A fluid inclusion and petrographic study, focused on quartz overgrowths, was performed in reservoir sandstones from the Jurassic Khatatba Formation (Salam oil field, Egypt's Western Desert). The combination of detailed fluid inclusion petrography and scanning electron microscope (SEM) cathodoluminescence imaging has allowed us to relate individual fluid inclusion assemblages, that is, the most finely discriminated groups of petrographically associated fluid inclusions, to specific growth zones of authigenic quartz, establishing the relative timing of entrapment of the inclusions. After entrapment, fluid inclusions in authigenic quartz have been preserved without reequilibration, as indicated by the narrow ranges of homogenization temperatures (<4-5°C) in most fluid inclusion assemblages.
Three main growth zones are distinguished under SEM cathodoluminescence in the quartz overgrowths and are termed Q1, Q2, and Q3 from the oldest to the youngest. Zone Q1 is further subdivided into three subzones and contains abundant primary aqueous inclusions. Their homogenization temperatures range from 162 to 130°C, with the earliest assemblages having the highest temperatures and with some large temperature fluctuations indicated between successive assemblages.
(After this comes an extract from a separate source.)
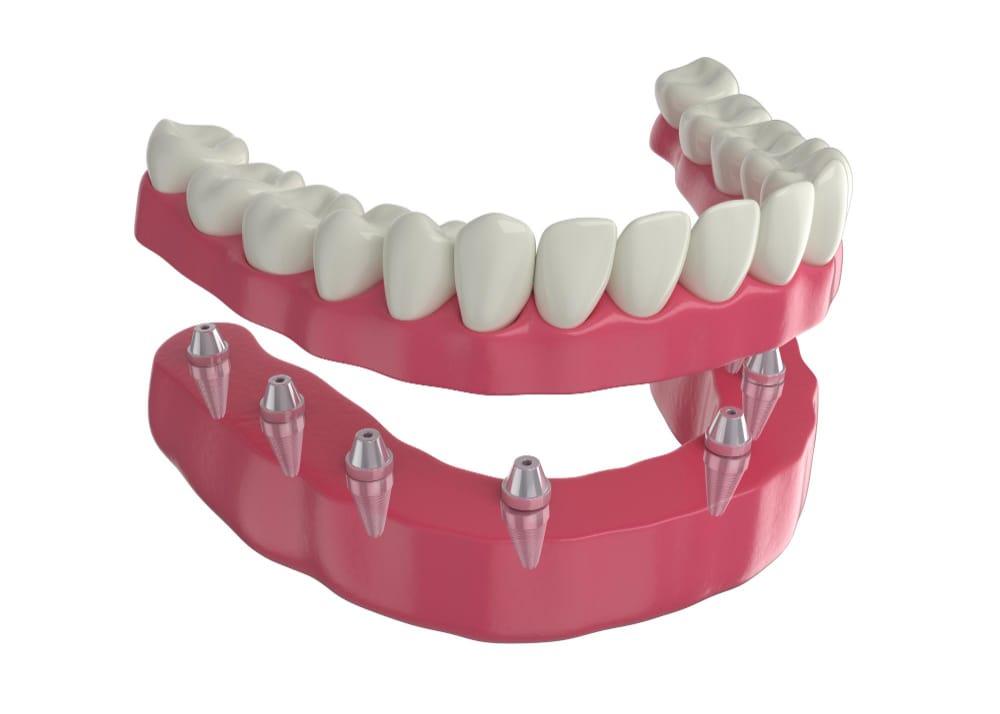 Dental implant model at DentoCorrect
Most Q1 inclusions have salinities in the freshwater to seawater range, with a trend toward increasing salinity through time. Zone Q2 contains primary aqueous inclusions with homogenization temperatures (overall range 148-125°C) also recording large temperature fluctuations and cooling events. The Q2 fluid inclusions have high salinities (~5-20 wt. % NaCl equivalent), with salinity increasing through time. Zone Q3 contains both aqueous and oil inclusions of primary origin. The Q3 aqueous inclusions have homogenization temperatures (overall range 134-112°C) recording overall cooling and high salinities (21-24 wt. % NaCl equivalent). In early Q3 subzones, oil inclusions appear to be of medium gravity, undersaturated with respect to gas. In later Q3 subzones, oil inclusions are of gas-saturated lighter oil.
Our results indicate that fluid flow, involving drastic changes in temperature and salinity, was responsible for the precipitation of some of the quartz cement. The earliest quartz (Q1) precipitated from freshwater and seawater at temperatures significantly higher than those expected from the burial history and thermal maturity of these rocks. This quartz is interpreted to have precipitated during cooling of injected fluids that originated as hot connate fluids from deeper parts of the basin. The Q2 precipitation is interpreted to have resulted from episodes of injection of hot saline brines from below. Late quartz cement (Q3) precipitated during oil charge, from progressively cooler and more saline brines interpreted to have refluxed from the surface; it preserves a record of increasing oil maturity and gas saturation through time.